YOLO-World is a zero-shot object detection model.

You can use YOLO-World to identify objects in images and videos using arbitrary text prompts.

To use YOLO-World effectively, we recommend experimenting with the model to understand which text prompts help achieve the desired results.

YOLO-World is faster than many other zero-shot object detection models. On powerful hardware like a V100 GPU, YOLO-World can run in real-time.

Note

YOLO-World, like most state-of-the-art zero-shot detection models, is most effective at identifying common objects (i.e. cars, people, dogs, etc.). It is less effective at identifying uncommon objects (i.e. a specific type of car, a specific person, a specific dog, etc.).

Note

In inference package YOLO-World models are identified by yolo_world/<version>, where <version> can be one of the following: s, m, l, x, v2-s, v2-m, v2-l, v2-x. Versions v2-... denote newer models, with improved evaluation metrics.

How to Use YOLO-World

Run the following command to set your API key in your coding environment:

export ROBOFLOW_API_KEY=<your api key>

Then, create a new Python file called app.py and add the following code:

import cv2
import supervision as sv

from inference.models.yolo_world.yolo_world import YOLOWorld

image = cv2.imread("image.jpeg")

model = YOLOWorld(model_id="yolo_world/l")
classes = ["person", "backpack", "dog", "eye", "nose", "ear", "tongue"]
results = model.infer("image.jpeg", text=classes, confidence=0.03)[0]

detections = sv.Detections.from_inference(results)

bounding_box_annotator = sv.BoxAnnotator()
label_annotator = sv.LabelAnnotator()

labels = [classes[class_id] for class_id in detections.class_id]
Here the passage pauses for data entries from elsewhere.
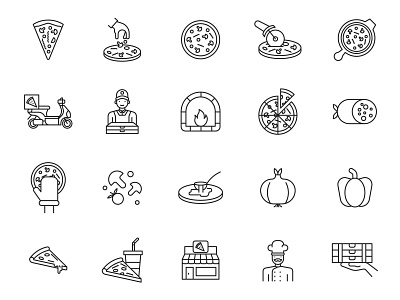 20 Line Pizza Icons download free download free icons freebie graphic design graphicpear icon icon design icon set icons download pizza pizza icon pizza vector vector icon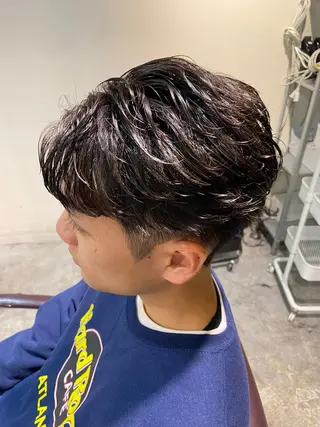 パーマ メンズ パーマ特化/フェザー パーマシャドウ/真生のヘアスタイル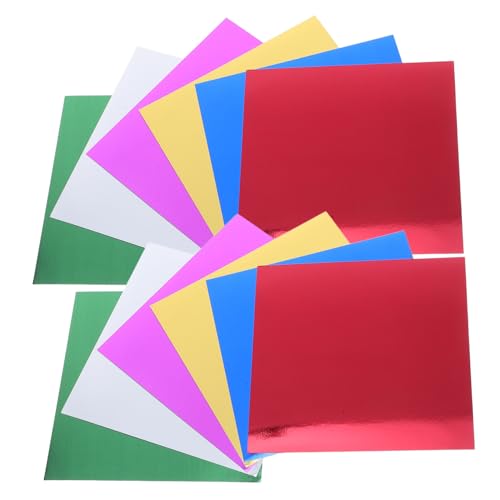 VILLFUL 224 Blatt Metallic Cardstock Papier Spiegelglanz-finish Farbiges Aluminiumfolie Bastelpapier für Origami DIY Karten Einladungen Scrapbooking Künstlerische Bastelprojekte von VILLFUL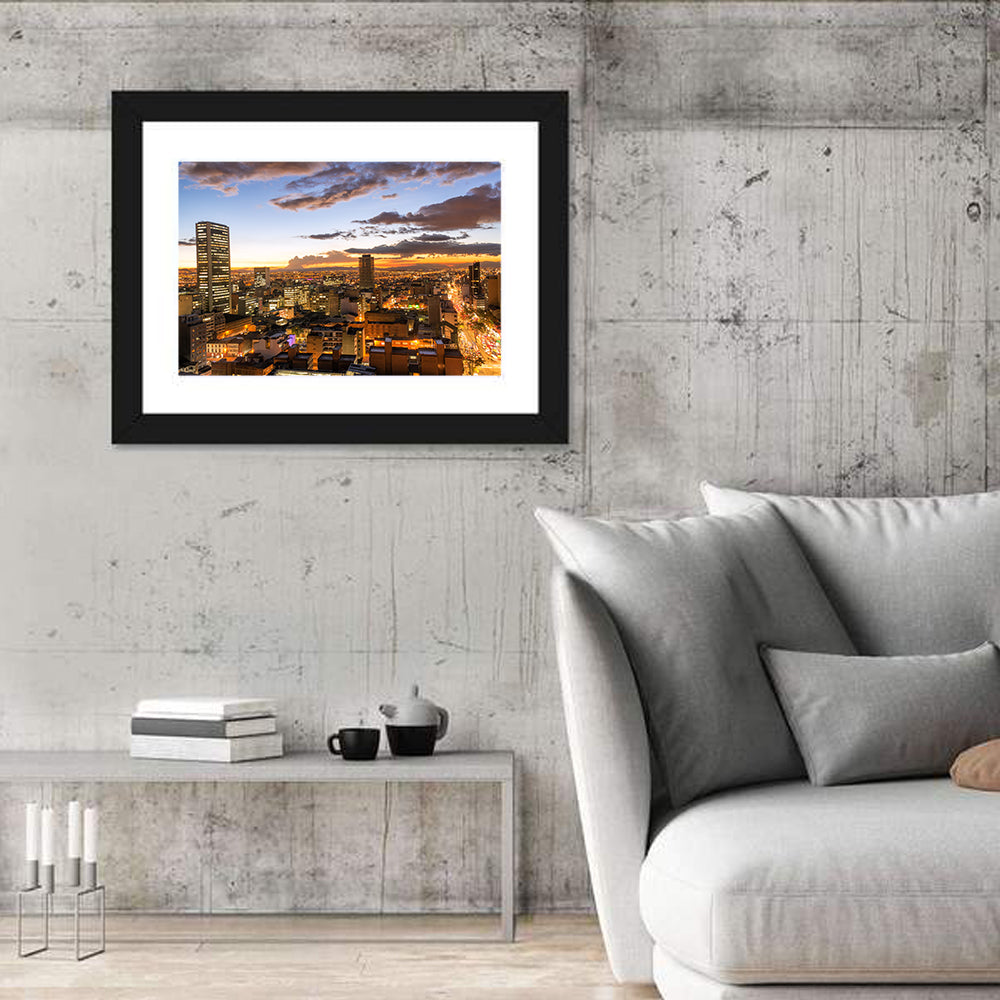 Bogota Twilight Cityscape Wall Art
annotated_image = bounding_box_annotator.annotate(
    scene=image, detections=detections
)
annotated_image = label_annotator.annotate(
    scene=annotated_image, detections=detections, labels=labels
)

sv.plot_image(annotated_image)

In this code, we load YOLO-World, run YOLO-World on an image, and annotate the image with the predictions from the model.

Above, replace:

  1. ["person", "backpack", "dog", "eye", "nose", "ear", "tongue"] with the objects you want to detect.
  2. image.jpeg with the path to the image in which you want to detect objects.

Then, run the Python script you have created:

python app.py

The result from YOLO-World will be displayed in a new window.

YOLO-World results

Benchmarking

We ran 100 inferences on an NVIDIA T4 GPU to benchmark the performance of YOLO-World.

YOLO-World ran 100 inferences in 9.18 seconds (0.09 seconds per inference, on average).